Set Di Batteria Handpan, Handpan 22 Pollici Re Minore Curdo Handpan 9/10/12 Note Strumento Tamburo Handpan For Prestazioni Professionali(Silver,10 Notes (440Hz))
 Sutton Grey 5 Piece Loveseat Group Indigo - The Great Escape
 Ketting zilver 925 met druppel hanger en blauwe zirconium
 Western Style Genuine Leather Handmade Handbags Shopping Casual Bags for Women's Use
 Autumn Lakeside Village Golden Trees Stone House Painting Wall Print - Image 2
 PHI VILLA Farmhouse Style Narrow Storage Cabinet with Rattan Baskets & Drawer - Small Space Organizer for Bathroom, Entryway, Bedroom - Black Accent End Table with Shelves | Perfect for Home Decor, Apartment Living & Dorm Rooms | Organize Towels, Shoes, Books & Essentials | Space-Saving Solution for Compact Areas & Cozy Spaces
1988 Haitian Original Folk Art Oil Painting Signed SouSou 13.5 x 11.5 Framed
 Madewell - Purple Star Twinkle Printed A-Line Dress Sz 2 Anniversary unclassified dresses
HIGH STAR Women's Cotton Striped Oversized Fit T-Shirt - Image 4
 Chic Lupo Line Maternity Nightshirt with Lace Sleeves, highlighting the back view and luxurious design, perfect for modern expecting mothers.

::::::::

YOUR INSTRUCTIONS — Answer by repeating every line of the listing exactly.

TASK SOLUTION —
Set Di Batteria Handpan, Handpan 22 Pollici Re Minore Curdo Handpan 9/10/12 Note Strumento Tamburo Handpan For Prestazioni Professionali(Silver,10 Notes (440Hz))
 Sutton Grey 5 Piece Loveseat Group Indigo - The Great Escape
 Ketting zilver 925 met druppel hanger en blauwe zirconium
 Western Style Genuine Leather Handmade Handbags Shopping Casual Bags for Women's Use
 Autumn Lakeside Village Golden Trees Stone House Painting Wall Print - Image 2
 PHI VILLA Farmhouse Style Narrow Storage Cabinet with Rattan Baskets & Drawer - Small Space Organizer for Bathroom, Entryway, Bedroom - Black Accent End Table with Shelves | Perfect for Home Decor, Apartment Living & Dorm Rooms | Organize Towels, Shoes, Books & Essentials | Space-Saving Solution for Compact Areas & Cozy Spaces
1988 Haitian Original Folk Art Oil Painting Signed SouSou 13.5 x 11.5 Framed
 Madewell - Purple Star Twinkle Printed A-Line Dress Sz 2 Anniversary unclassified dresses
HIGH STAR Women's Cotton Striped Oversized Fit T-Shirt - Image 4
 Chic Lupo Line Maternity Nightshirt with Lace Sleeves, highlighting the back view and luxurious design, perfect for modern expecting mothers.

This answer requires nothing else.